3. Renforcer la demande d’acier

Dans l’Union européenne, la demande d’acier dépend des conditions économiques et financières de quelques secteurs clés qui ont eux-mêmes été touchés par la crise financière.

Les secteurs du bâtiment et de l’automobile concentrent environ 40 % de la demande. Il convient de mettre en œuvre les initiatives de la Commission ciblant ces secteurs – par exemple «CARS 2020», qui stimule la demande de véhicules à carburant de substitution, et l’initiative en faveur de la construction durable, qui vise à encourager la rénovation du parc immobilier existant.

4. Soutenir la demande par l’amélioration de l’accès aux marchés étrangers et garantir des conditions de concurrence équitables au niveau international

Si l’Union européenne forme un marché ouvert, bon nombre de pays tiers producteurs d’acier ont recours à des restrictions ou à des distorsions des échanges – notamment des barrières tarifaires, des mesures non tarifaires, des incitations et des subventions à l’exportation – pour assurer des avantages déloyaux à leur industrie sidérurgique nationale.

Il est absolument nécessaire de garantir une concurrence internationale loyale ainsi que des conditions équitables pour l’industrie européenne. La sidérurgie est tributaire de ressources qui sont rares en Europe. L’Europe recycle la ferraille d’acier, l’un des éléments entrant dans la fabrication de l’acier, mais il existe dans ce secteur-là aussi une pénurie due en partie aux exportations illégales.

La politique commerciale bilatérale et multilatérale, et notamment les futures négociations d’accords de libre-échange (ALE), constituent des instruments clés pour assurer l’accès aux marchés des pays tiers et aux matières premières, soutenus par des instruments de défense commerciale destinés à agir contre les pratiques commerciales déloyales. En 2012, onze nouvelles enquêtes sur des produits sidérurgiques ont été ouvertes à la suite de plaintes déposées par l’industrie.

En outre, la Commission entend:

  1. agir contre les pratiques commerciales déloyales et communiquer régulièrement des informations sur lévolution des importations dacier en provenance de pays tiers,

  2. assurer le suivi des marchés de la ferraille et présenter une proposition visant à consolider le règlement sur les transferts de déchets et la capacité d’inspection des États membres pour lutter contre les exportations illégales, de façon à renforcer la sécurité d’approvisionnement des fabricants d’acier qui l’utilisent comme matière première.

  3. inscrire le charbon à coke sur la liste des matières premières essentielles, ainsi que celle d’autres éléments essentiels à la production d’acier,

  4. dialoguer avec les principaux pays tiers producteurs d’acier, afin d’avoir une vue d’ensemble des tendances du secteur, mais aussi d’élaborer des stratégies communes face aux difficultés qui se présentent à l’échelle mondiale.

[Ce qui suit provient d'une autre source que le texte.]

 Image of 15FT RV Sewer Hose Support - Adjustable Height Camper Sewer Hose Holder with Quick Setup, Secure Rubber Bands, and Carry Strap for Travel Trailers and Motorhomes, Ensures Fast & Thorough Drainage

5. Renforcer la compétitivité au moyen de politiques appropriées en matière d’énergie, de climat, de ressources et d’efficacité énergétique

Les coûts énergétiques représentent jusqu’à 40 % de l’ensemble des coûts d’exploitation de l’industrie de l’acier. Comme dans d’autres secteurs à forte consommation d’énergie, les coûts énergétiques constituent l’un des moteurs de la compétitivité.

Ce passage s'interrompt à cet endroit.